Top of Data listing

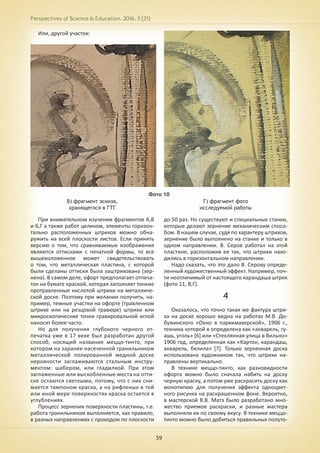 Perspectives of Science & Education. 2016. 3 (21)
59
Или, другой участок:
Фото 10
В) фрагмент эскиза,
хранящегося в ГТГ
Г) фрагмент фото
исследуемой работы
При внимательном изучении фрагментов А,В
и Б,Г а также работ целиком, элементы горизон-
тально расположенных штрихов можно обна-
ружить на всей плоскости листов. Если принять
версию о том, что сравниваемые изображения
являются оттисками с печатной формы, то все
вышеизложенное может свидетельствовать
о том, что металлическая пластина, с которой
были сделаны оттиски была заштрихована (зер-
нена). В самом деле, офорт предполагает отпеча-
ток на бумаге краской, которая заполняет тонкие
протравленные кислотой штрихи на металличе-
ской доске. Поэтому при желании получить, на-
пример, темные участки на офорте (травленном
штрихе или на резцовой гравюре) штрихи или
микроскопические точки гравировальной иглой
наносят более часто.
Но для получения глубокого черного от-
печатка уже в 17 веке был разработан другой
способ, носящий название меццо-тинто, при
котором на заранее насеченной гранильником
металлической полированной медной доске
неровности заглаживаются стальным инстру-
ментом: шабером, или гладилкой. При этом
заглаженные или выскобленные места на отти-
ске остаются светлыми, потому, что с них сни-
мается тампоном краска, а на рифленых в той
или иной мере поверхностях краска остается в
углублениях.
Процесс зернения поверхности пластины, т.е.
работа гранильником выполняется, как правило,
в разных направлениях с проходом по плоскости
до 50 раз. Но существуют и специальные станки,
которые делают зернение механическим спосо-
бом. В нашем случае, судя по характеру штрихов,
зернение было выполнено на станке и только в
одном направлении. В. Серов работал на этой
пластине, расположив ее так, что штрихи нахо-
дились в горизонтальном направлении.
Надо сказать, что это дало В. Серову опреде-
ленный художественный эффект. Например, поч-
ти неотличимый от настоящего карандаша штрих
(фото 11, В,Г).
4
Оказалось, что точно такая же фактура штри-
ха на доске хорошо видна на работах М.В. До-
бужинского «Окно в парикмахерской», 1906 г.,
техника которой в определена как «акварель, гу-
ашь, уголь» [6] или «Стеклянная улица в Вильно»
1906 год, определенная как «Картон, карандаш,
акварель, белила» [7]. Только зерненная доска
использована художником так, что штрихи на-
правлены вертикально.
В технике меццо-тинто, как разновидности
офорта можно было сначала набить на доску
черную краску, а потом уже раскрасить доску как
монотипию для получения эффекта одноцвет-
ного рисунка на раскрашенном фоне. Вероятно,
в мастерской В.В. Матэ было разработано мно-
жество приемов раскраски, и разные мастера
выполняли их по своему вкусу. В технике меццо-
тинто можно было добиться правильных полуто-
 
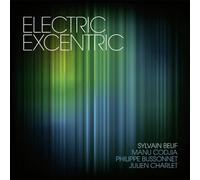 Manu Codjia - Beuf Sylvain / Electric Excentric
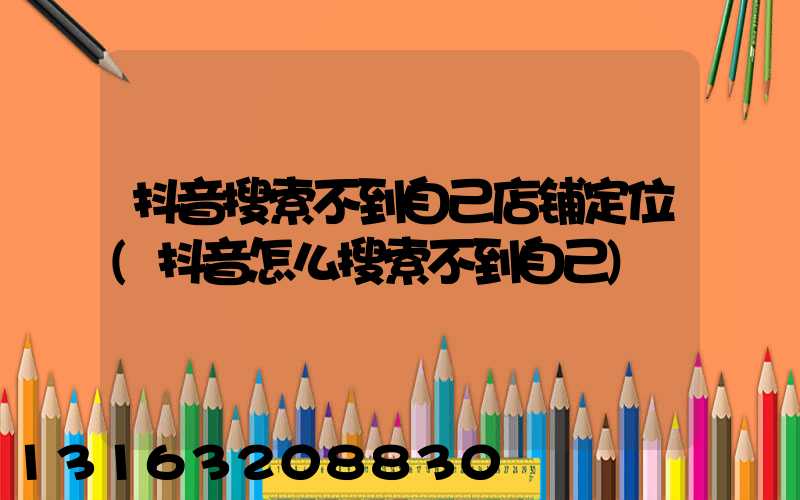 抖音搜索不到自己店铺定位(抖音怎么搜索不到自己)
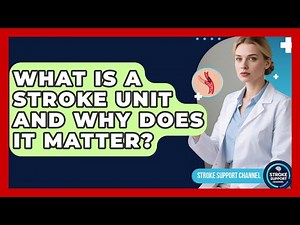 What Is A Stroke Unit And Why Does It Matter? - Stroke Support Channel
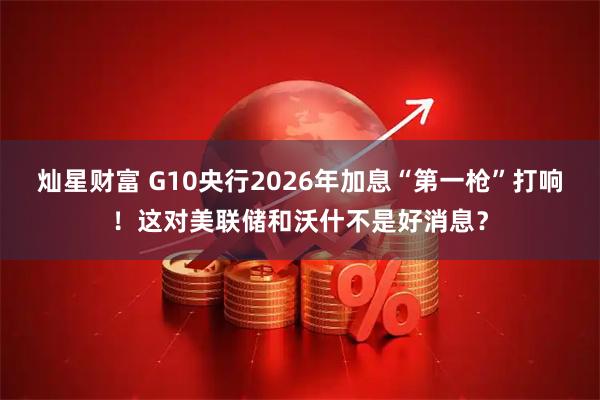 灿星财富 G10央行2026年加息“第一枪”打响！这对美联储和沃什不是好消息？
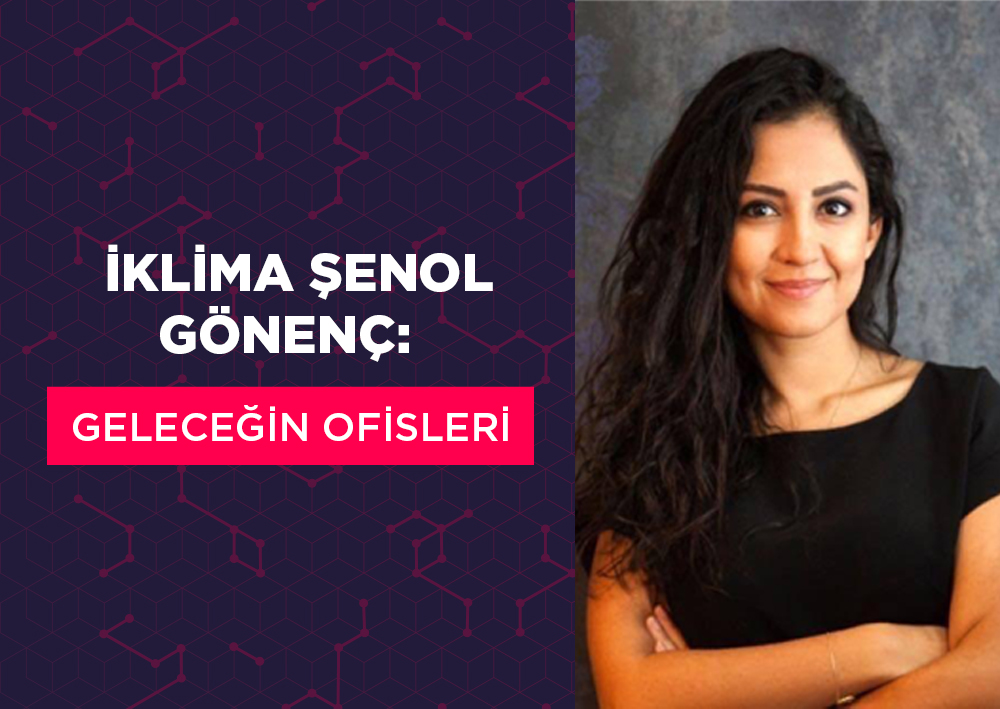 Geleceğin Ofisleri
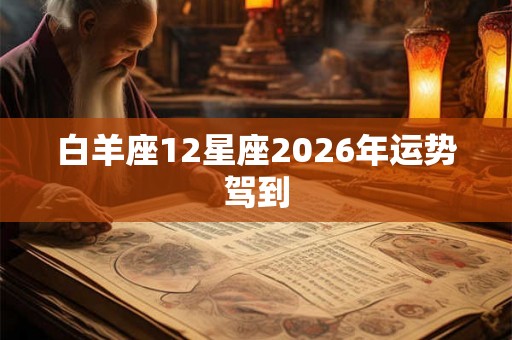 白羊座12星座2026年运势驾到 白羊座12星座2026年运势驾到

Bottom of Data listing

> [Task goal]
Throughout the material above, report each line holding the word "краска".

> [Task answer]
мается тампоном краска, а на рифленых в той
или иной мере поверхностях краска остается в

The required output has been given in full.